Like a much-hyped drama debut shedding viewers to find its level, President Obama’s press conferences are drawing fewer viewers each time out. The President’s Wednesday night outing drew 28.8 million viewers on all networks covering, down 29% from his March conference and down from 49.5 million for his first. Nielsen has the numbers.
This one, you recall, was distinguished by Fox’s having opted out to air Lie to Me. But Lie to Me didn’t get a big boost from the counterprogramming either; it beat any single broadcast airing of the press conference, but at 7.9 million viewers was consistent with how it does every week. Maybe the general TV viewership was down that night; or maybe TLC network got a sudden viewership surge.
From a White House perspective, I suppose that each press conference doesn’t need to draw massive numbers to be effective.
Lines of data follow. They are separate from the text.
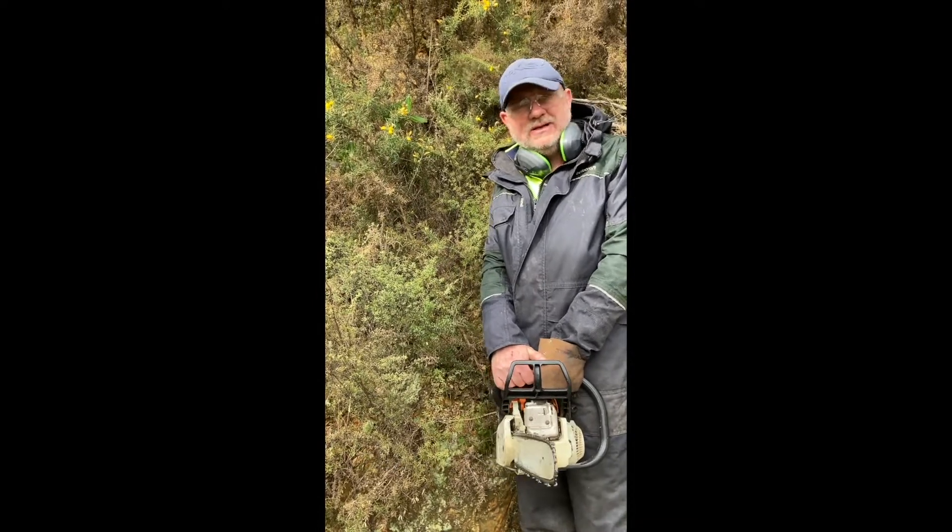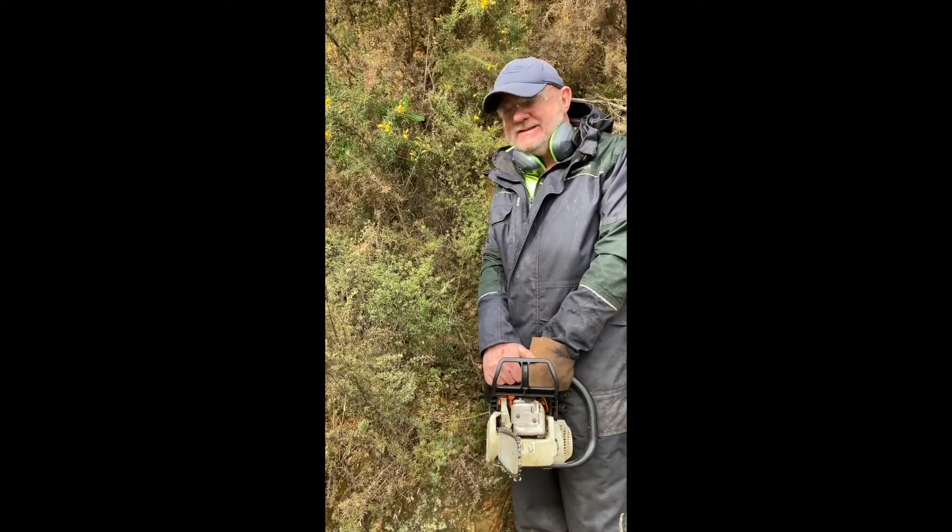I've been working with my chainsaw on a large residential property today, taking down gorse.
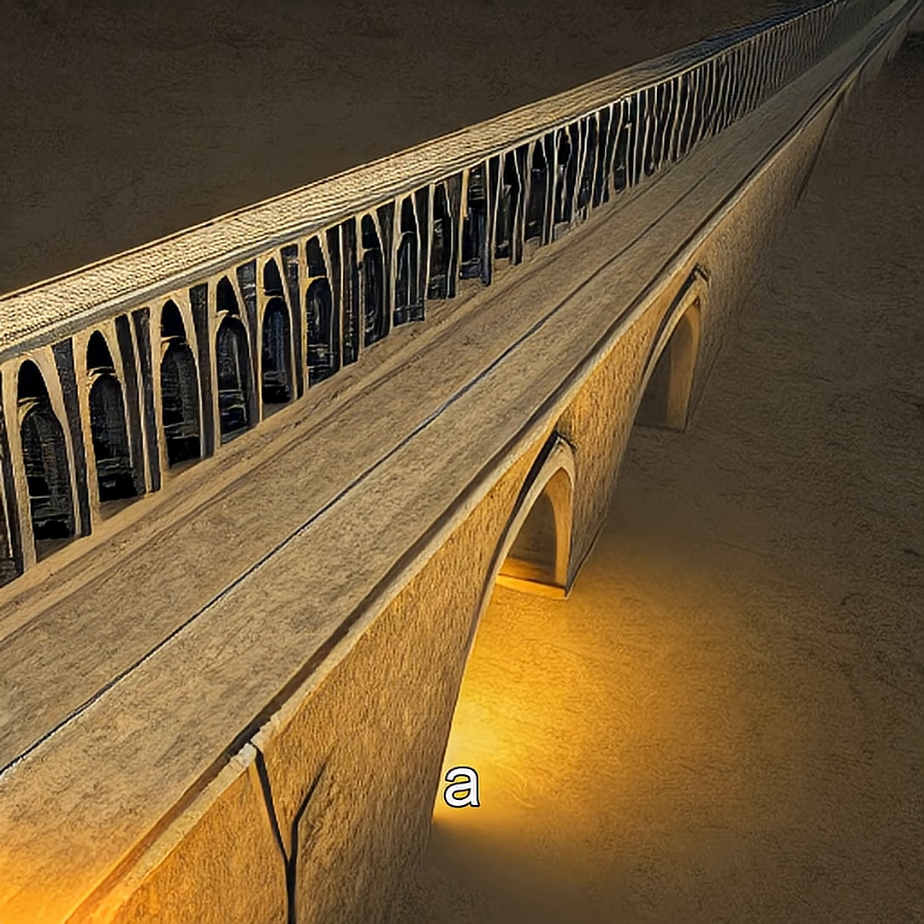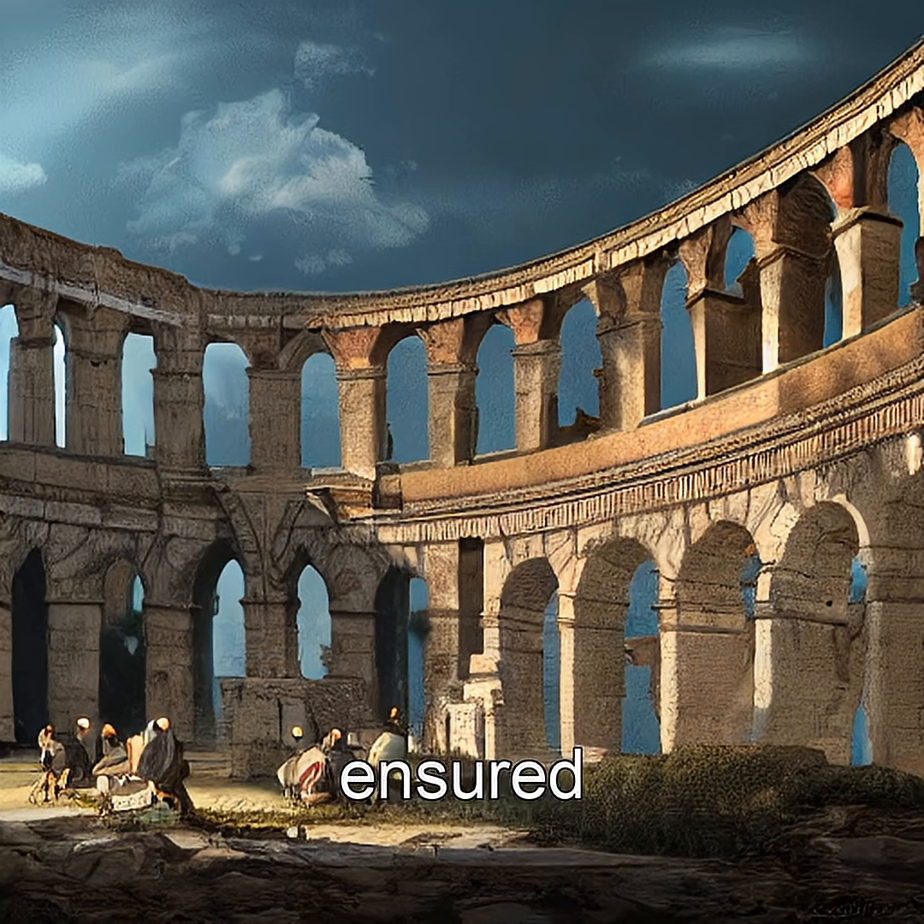The aqueducts were a complex network of channels and tunnels that used gravity to transport water from sources like springs and rivers to the cities. This engineering marvel ensured a steady water supply for drinking, bathing, and even powering water mills.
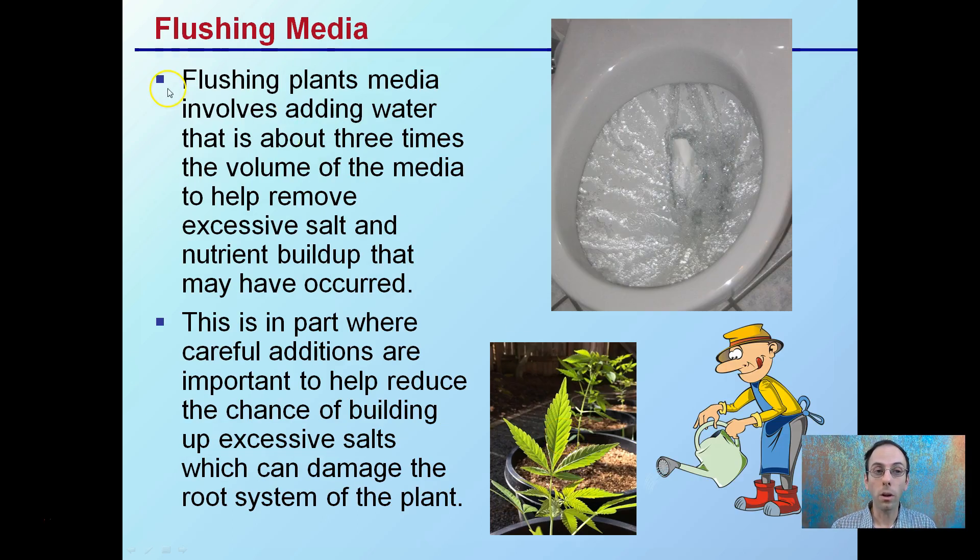Lastly, there's something called flushing the media, which involves adding water — just like a toilet flush — where you use about three times the volume of the media to help remove excessive salts and nutrient buildup that may have occurred. Careful additions are important here; selectively adding your nutrients will help reduce the chance of building up excessive salts, which can damage the root system. Flushing can potentially waste out some nutrients, so you want to be very careful with your feeding program throughout the entire growth cycle to be as efficient as possible and minimize waste.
And with a swine flu outbreak and sundry economic and foreign-policy fires to put out, it’s not like there wasn’t news to discuss. (It might have been more interesting, though, after the news of Chrysler’s bankruptcy and David Souter’s imminent retirement.)
But I wonder whether—beyond simple press-conference exhaustion—the event also suffered from being pegged not to a single news event or policy initiative but to the Hallmark holiday of the 100-days anniversary. In which case I congratulate the American public for ignoring the nonevent, if if the news media (present company included) didn’t.